Secondly, my question: I am considering my first build to be a lean-to sharing a wall with the house in order to make the most of the narrow piece of land to the side of my house. How do I ensure that I will successfully seal the shed to the house and not compromise the house or shed with regards to water tightness etc. As a side note, I intend to consult with my local council to fully understand any restrictions/guidelines associated with this (as has been discussed on other threads).
The shed will be a pent roof type and plan to seal the top edge against the house with overlapping flashing, my real area of unknown is the vertical joints where the walls join the house. Is it really as simple as filling the void with putty/sealant? I'm sure there is a more comprehensive method to do this and any advice would be gratefully received.
On a separate point, there will be very little space (circa 100mm) between the outer wall and the neighbouring property, should I be concerned regarding a damp atmosphere in this gap? My intent is to fit guttering to this side of the roof to collect rainwater running off the roof, but I imagine the air will be still a lot of the time and so may remain moist. NOTE: the wall on this side will be pre-treated with a long-term coating (TBC) so will not require access to re-apply whilst I am in the property - that's the plan at least!
Sorry for the wordy post. If you need more information please ask.
10x4 shed off of stucco house
by Paul Tyner
(Oceanside, CA USA)
Hello John, I want to build a shed off of our house that is roughly 10'wide by 4'deep and will give us easy access to our 4 bicycles. I was thinking on each 4' end - we'll need a door and on half of the 10' section a sliding door giving us a 5ft wide slider. Make sense...?
It is on a newer concrete slab and I'd want to use that as the floor. What questions do you have?
Thank YOU for your assistance.
Shed attached to house
I am considering building a garden office on the land to the side of my house it is the old driveway before it was fenced off and a driveway put out the front of the house. The area is approx 6m long x 4m deep at the widest point and 2.5m deep at the narrowest (it is a wedge-shaped plot of land)
I want to know if there are any regulations that say I cannot build on the land without planning permission and importantly can I make the house one wall of the shed?
The other side of the plot is my neighbour's boundary and he has a similar plot on his side of the boundary.
The front of my plot is fenced off from the driveway and not visible from the road. The shed (office) will not be nearer the road than the existing house and will be under 2.5M tall
I am enquiring about the 5M rule (must be 5M away from the house)that I have seen on some sites but is not mentioned on the government's interactive website for planning.
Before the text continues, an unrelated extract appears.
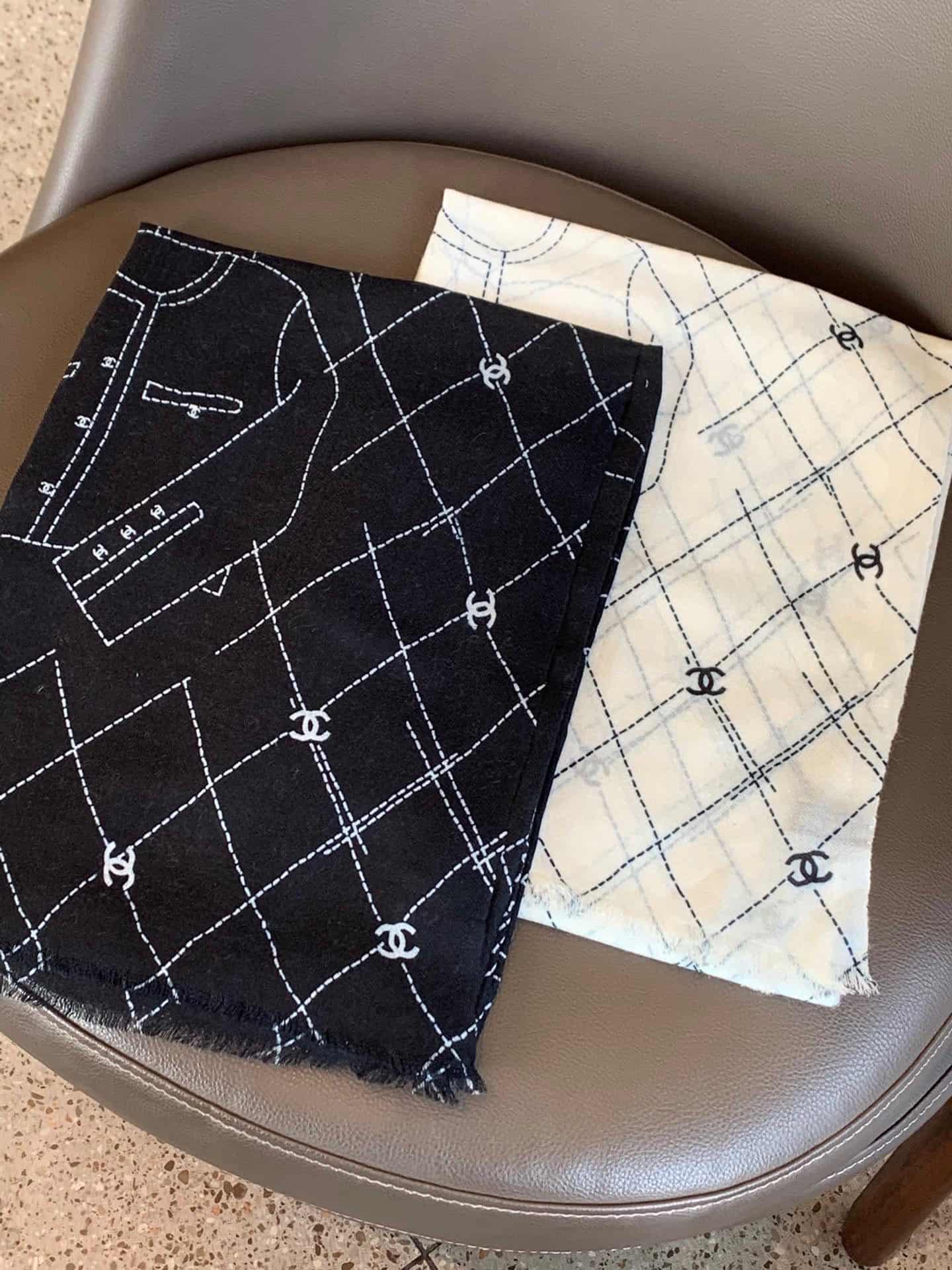 Chanel scarf 25287
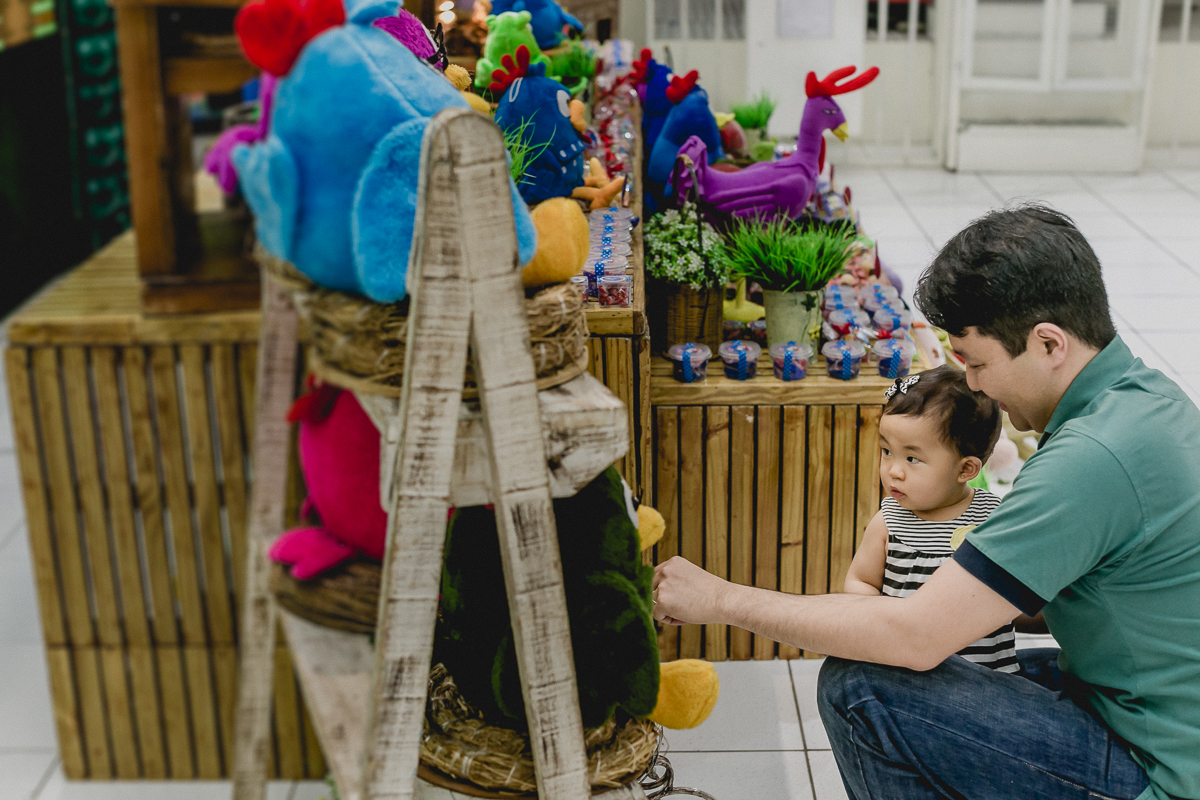 papai mostrando detalhes da mesa da galinha pintadinha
Creating a lean-to on to an existing Gambrel shed
by John Szesnat Sr.
( Altamont, NY)
I am wishing help with building a Lean-to off my existing shed the existing shed (Photo Attached) is 10'x10' and 10'7" high. Need help in designing and with the roof pitch. I would like the lean-to to be as wide 8 to 10 feet and high as possible This a first for building as was the shed. Please, any help would be appreciated.
Thank you for your time and effort in this matter.